Since reading about the new tests I’ve read some of my own posts about my experience of getting a diagnosis of Edward’s Syndrome. I had a daughter, we called her Maple, she never made it beyond 14 weeks of pregnancy because we were told she was “incompatible with life”. Whenever I think of Maple these words pop into my head and I wonder if they were right. Deep down I know they probably were right, but it doesn’t make it any easier, it doesn’t make me wish I had my daughter here with me any less. She would have been 3 this year and it’s no easier. I probably think about her less often, but when I do it still hits me like a ton of bricks. I have still spent this morning sobbing for the loss of my little girl. My daughter, the only one I had.
I try and think about how things could have been different. We couldn’t have done anything to prevent her condition, but how things were handled. Could we have given her the chance of life? Having held her in my hands, she so so tiny, she had perfect hands and feet and the sweetest little face. However most of her internal organs were outside of her body (by that stage they should have been inside) and her head wasn’t fully formed. I doubt she would have survived birth, but who knows? Children with Edward’s syndrome amaze us every day.
After 3 years I realise what I would change. I would have asked for time. Time to think, time to research, time to decide. We were so rushed. There was no time to stop and think, to process, to fully comprehend our decision. We were told some people liked to wait until 24 weeks, until their babies were considered viable so that they would be acknowledged by the state. So they have a birth certificate. To me that didn’t make her any more real, valued, or important. I couldn’t have carried on with a pregnancy knowing their was a death sentence hanging over our baby. We were told she was “incompatible with life” and I believed them. They were probably right, they were almost certainly right, it doesn’t make it any easier. She didn’t need to reach 24 weeks to make her our daughter.
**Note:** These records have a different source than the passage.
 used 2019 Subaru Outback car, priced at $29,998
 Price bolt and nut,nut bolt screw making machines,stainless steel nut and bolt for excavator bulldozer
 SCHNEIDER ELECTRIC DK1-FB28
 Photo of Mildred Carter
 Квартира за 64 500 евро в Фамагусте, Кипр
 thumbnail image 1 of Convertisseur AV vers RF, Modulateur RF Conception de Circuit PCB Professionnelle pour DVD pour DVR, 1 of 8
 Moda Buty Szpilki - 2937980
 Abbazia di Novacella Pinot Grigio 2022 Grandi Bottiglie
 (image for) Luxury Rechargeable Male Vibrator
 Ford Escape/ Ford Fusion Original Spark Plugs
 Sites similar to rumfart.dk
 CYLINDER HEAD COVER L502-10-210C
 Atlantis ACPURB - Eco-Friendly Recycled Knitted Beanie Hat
Sorry, I was talking about time. My brain ends up all over the place when I think about all this. I would change how fast things moved. We were told the news, offered an amnio (which we accepted as the decision to have a termination had already been made) and I went in to have the first tablet that starts a miscarriage before we got the results of the amnio. If I could go back that is what I would change. I would wait for the results, then I would go away and research the condition, ask lots of questions of our doctor and I would give myself a little more time. I feel like parents are rushed to make a decision, it’s almost like they don’t want you to have the time to think about it, to waiver, to get over your initial shock. To question what “incompatible with life” means. Even a day or two would have made a difference.
What of screening for Down’s syndrome? Do parents fully understand the decision they are making? How many parents have actually met a child with Down’s syndrome? Less and less I imagine, as a society we are deciding these children’s lives are worth less than a child without Down’s syndrome, so there are fewer children with the condition. The thought of having a child with a disability can be a scary one, I know, I then went on to have Arthur who has ACC. We were advised to terminate his life, that we could do that up until birth, that his life was so worthless they would let me give birth and they would offer no life support should we choose. I shudder at the thought.
I don’t think there’s anything wrong with screening. I do think there’s something wrong with rushing parents to make a decision quickly. I think there’s something wrong with not educating people properly about conditions such as Down’s syndrome and therefore us not valuing these lives. I whole heartedly believe women should have choice, but more than that I feel it should be fully informed choice. No one can make an informed choice from a point of ignorance.